Joia woke up with a frightened start, again, then realized the farmers were not there, and tried to stop her heart thumping.
They had breakfast, then two teams of volunteers heaved on the ropes and pulled two sleds, each bearing a giant stone, away across the plain.
Forty people stayed behind, twenty from each team, to maintain the day and night patrol.
Their strength was missed, but the hardest terrain was behind them, and the depleted teams managed.
Joia, Dee, and Jara did not leave with the stones. Dee passed Lim to Sary, who was thrilled to take charge of her and carry her to safety at the Monument. “Do you think we might keep her?” Sary said with bright eyes.
“Perhaps,” said Joia. “We’ll talk to the other priestesses.”
“Just think,” said Sary. “We could raise her, all of us. She would have many mothers.”

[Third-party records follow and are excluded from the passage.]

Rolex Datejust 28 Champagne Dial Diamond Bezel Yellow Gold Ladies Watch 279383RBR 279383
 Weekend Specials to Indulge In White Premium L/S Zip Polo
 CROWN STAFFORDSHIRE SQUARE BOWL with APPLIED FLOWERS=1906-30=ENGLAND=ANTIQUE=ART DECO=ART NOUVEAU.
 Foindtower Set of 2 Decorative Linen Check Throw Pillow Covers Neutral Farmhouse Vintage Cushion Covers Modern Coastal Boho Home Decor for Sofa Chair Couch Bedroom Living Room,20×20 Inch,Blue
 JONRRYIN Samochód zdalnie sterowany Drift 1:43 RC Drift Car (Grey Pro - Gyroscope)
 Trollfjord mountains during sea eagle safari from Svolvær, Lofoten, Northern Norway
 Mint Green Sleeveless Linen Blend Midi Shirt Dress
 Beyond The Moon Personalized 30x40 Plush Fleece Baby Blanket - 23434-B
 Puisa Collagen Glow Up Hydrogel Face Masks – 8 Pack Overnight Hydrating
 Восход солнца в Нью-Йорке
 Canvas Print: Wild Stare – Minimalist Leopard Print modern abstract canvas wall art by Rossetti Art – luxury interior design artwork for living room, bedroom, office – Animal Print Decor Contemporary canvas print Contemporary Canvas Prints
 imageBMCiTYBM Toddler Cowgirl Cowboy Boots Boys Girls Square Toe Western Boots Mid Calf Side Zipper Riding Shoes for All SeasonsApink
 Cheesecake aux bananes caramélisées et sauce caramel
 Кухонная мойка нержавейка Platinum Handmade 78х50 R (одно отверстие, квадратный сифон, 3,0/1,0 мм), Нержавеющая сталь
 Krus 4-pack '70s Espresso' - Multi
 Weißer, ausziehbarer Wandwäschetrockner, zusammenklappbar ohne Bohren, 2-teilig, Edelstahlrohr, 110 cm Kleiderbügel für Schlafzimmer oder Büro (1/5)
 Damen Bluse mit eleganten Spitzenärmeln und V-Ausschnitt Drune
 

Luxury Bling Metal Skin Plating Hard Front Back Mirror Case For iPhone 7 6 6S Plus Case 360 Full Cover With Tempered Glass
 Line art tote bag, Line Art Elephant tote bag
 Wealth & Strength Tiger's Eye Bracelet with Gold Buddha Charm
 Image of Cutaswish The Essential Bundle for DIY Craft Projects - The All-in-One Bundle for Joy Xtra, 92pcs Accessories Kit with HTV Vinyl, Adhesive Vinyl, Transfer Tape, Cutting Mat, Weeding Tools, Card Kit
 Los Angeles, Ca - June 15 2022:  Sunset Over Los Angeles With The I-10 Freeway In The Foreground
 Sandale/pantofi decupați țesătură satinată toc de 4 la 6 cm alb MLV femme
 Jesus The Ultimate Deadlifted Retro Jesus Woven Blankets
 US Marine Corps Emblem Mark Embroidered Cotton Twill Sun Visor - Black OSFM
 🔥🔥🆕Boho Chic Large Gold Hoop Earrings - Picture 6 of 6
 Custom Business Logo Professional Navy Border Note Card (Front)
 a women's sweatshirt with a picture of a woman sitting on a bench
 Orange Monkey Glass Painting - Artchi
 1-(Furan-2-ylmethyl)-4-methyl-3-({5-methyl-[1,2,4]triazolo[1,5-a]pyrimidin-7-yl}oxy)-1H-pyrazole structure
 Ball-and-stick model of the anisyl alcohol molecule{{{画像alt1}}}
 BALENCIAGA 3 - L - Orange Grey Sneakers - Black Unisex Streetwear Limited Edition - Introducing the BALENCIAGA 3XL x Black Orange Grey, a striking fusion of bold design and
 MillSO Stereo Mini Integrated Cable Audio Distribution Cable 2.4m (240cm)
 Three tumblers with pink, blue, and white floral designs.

Joia could not give thought to this right now. “I don’t know,” she said. “We’ll discuss it later.”
Joia and Dee walked with Jara back along the track as far as the two hills.
There they met the third team, which had started from Stony Valley that morning.
They returned with that team across the plain, and to Joia’s surprise and relief they saw no sign of the farmers.
They left the third team not far from Upriver, and returned again for the fourth.
With the fourth they stopped halfway across the plain and waited for Seft and Tem and the fifth team. This meant they had two teams, four hundred people, in case the farmers attacked.
However, Joia felt hopeful. There had been no trouble in the past day and night. Perhaps there would be no more.
Joia and Dee had supper, lay down, made love, and fell asleep.